[RECORDS FOR THIS TASK]

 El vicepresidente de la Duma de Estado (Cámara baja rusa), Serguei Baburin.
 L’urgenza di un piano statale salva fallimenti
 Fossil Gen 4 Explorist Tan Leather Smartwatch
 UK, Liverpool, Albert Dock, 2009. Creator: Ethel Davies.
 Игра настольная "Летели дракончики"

--

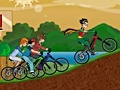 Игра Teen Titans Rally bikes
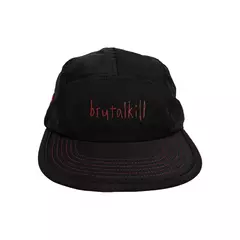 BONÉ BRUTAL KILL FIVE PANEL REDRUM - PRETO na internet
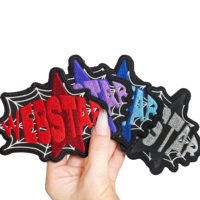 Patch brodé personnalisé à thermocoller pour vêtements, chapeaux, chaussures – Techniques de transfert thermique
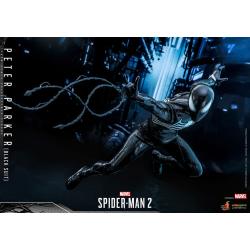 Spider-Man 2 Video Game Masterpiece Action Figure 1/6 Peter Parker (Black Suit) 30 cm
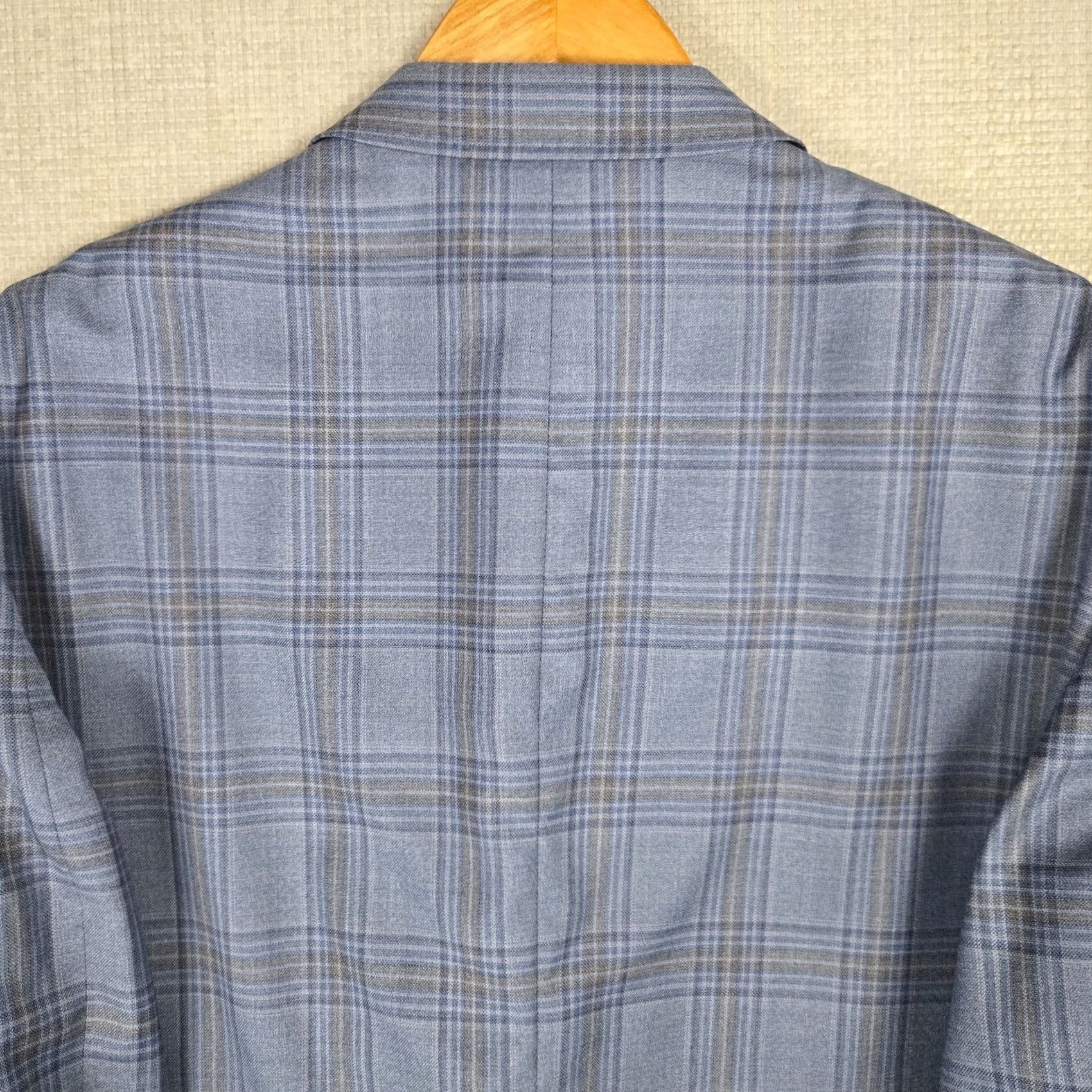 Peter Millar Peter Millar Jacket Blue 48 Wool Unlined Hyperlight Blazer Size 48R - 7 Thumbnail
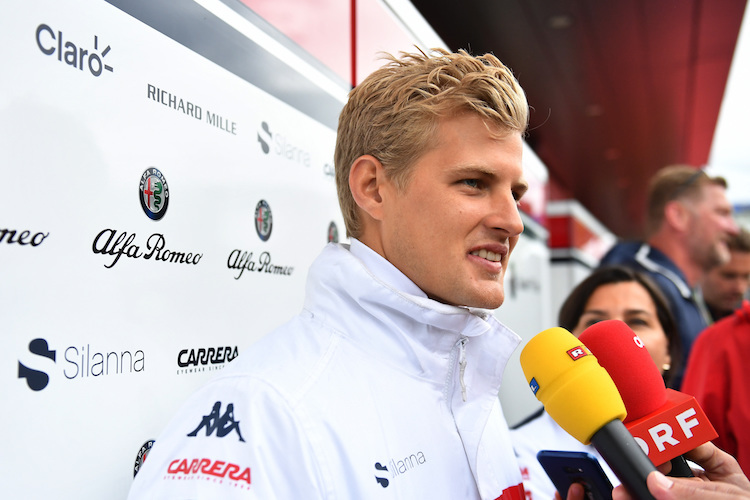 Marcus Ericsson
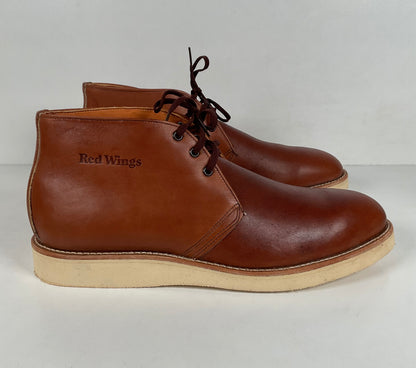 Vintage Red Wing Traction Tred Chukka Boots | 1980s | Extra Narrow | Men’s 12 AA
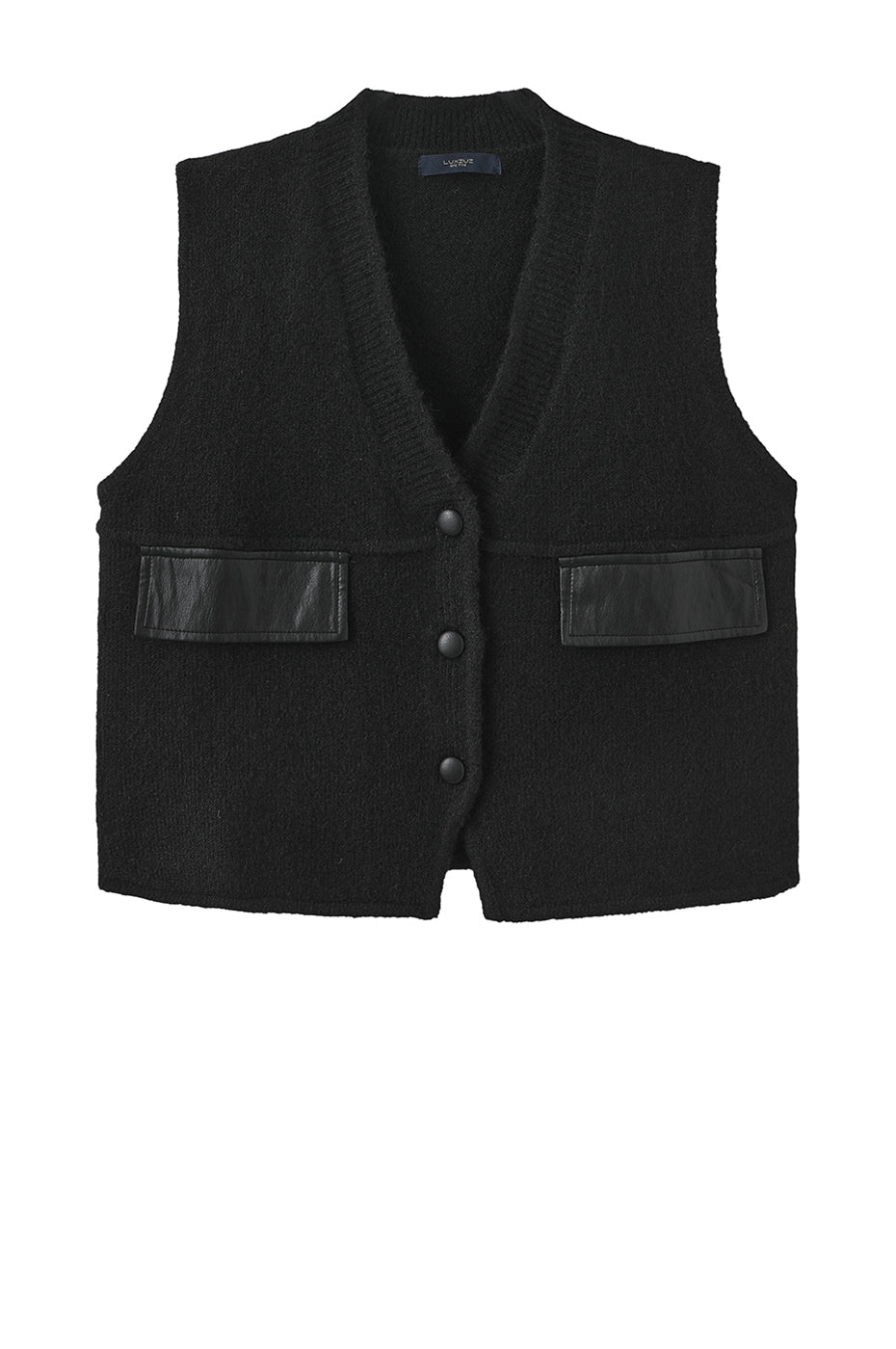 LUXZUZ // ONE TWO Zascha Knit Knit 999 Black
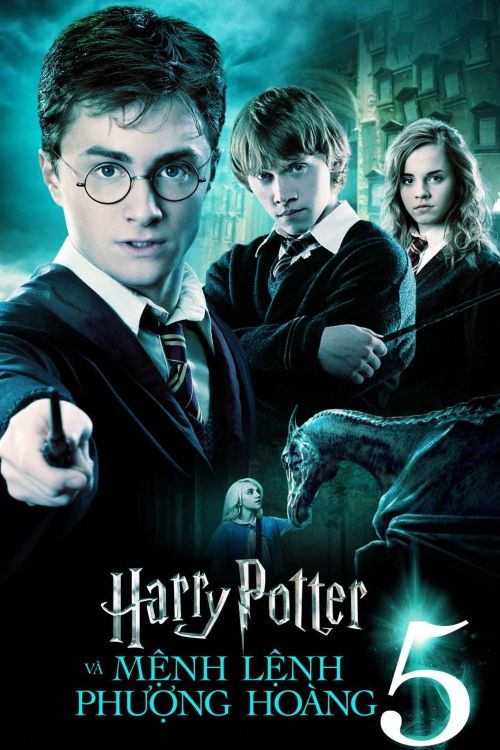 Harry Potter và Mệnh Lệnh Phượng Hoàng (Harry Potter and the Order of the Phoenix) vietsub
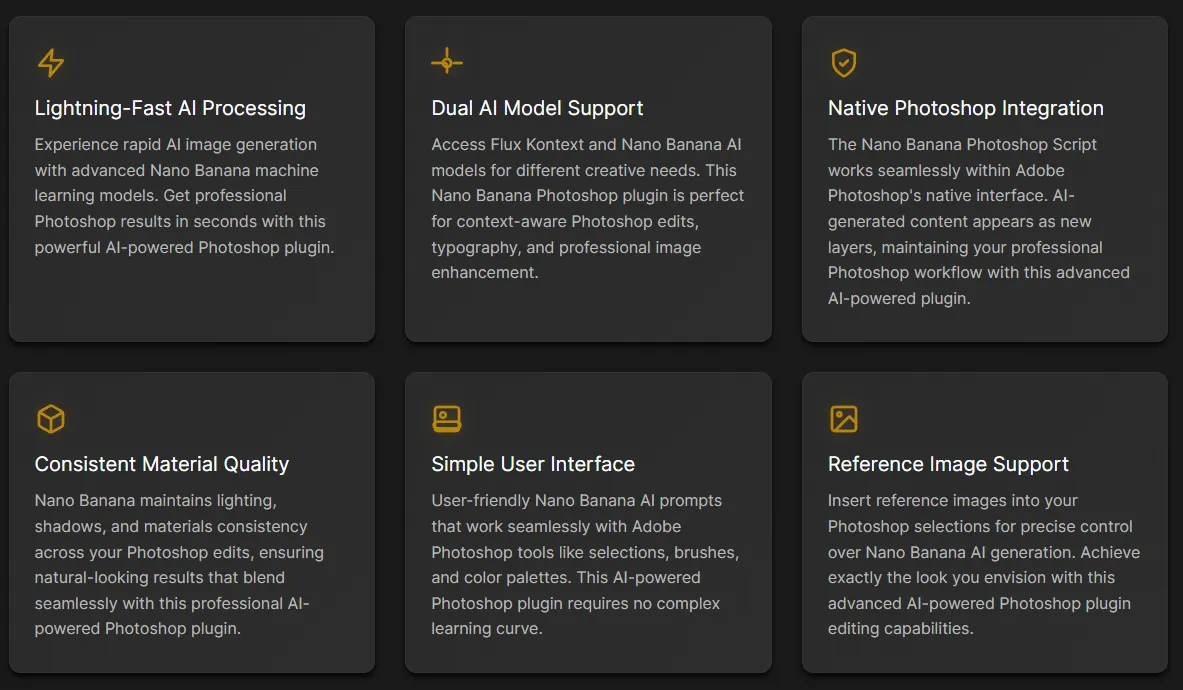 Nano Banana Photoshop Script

==

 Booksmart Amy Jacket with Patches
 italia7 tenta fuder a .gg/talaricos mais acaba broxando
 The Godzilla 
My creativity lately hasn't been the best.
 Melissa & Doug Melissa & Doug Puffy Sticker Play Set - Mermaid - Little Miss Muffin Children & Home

[WHAT THE TASK REQUIRES] Copy back exactly the lines above from the one containing "Spider-Man 2 Video" through the one containing "Nano Banana Photoshop Script", and leave every picture behind.

[FINISHED EXERCISE]
 Spider-Man 2 Video Game Masterpiece Action Figure 1/6 Peter Parker (Black Suit) 30 cm
 Peter Millar Peter Millar Jacket Blue 48 Wool Unlined Hyperlight Blazer Size 48R - 7 Thumbnail
 Marcus Ericsson
 Vintage Red Wing Traction Tred Chukka Boots | 1980s | Extra Narrow | Men’s 12 AA
 LUXZUZ // ONE TWO Zascha Knit Knit 999 Black
 Harry Potter và Mệnh Lệnh Phượng Hoàng (Harry Potter and the Order of the Phoenix) vietsub
 Nano Banana Photoshop Script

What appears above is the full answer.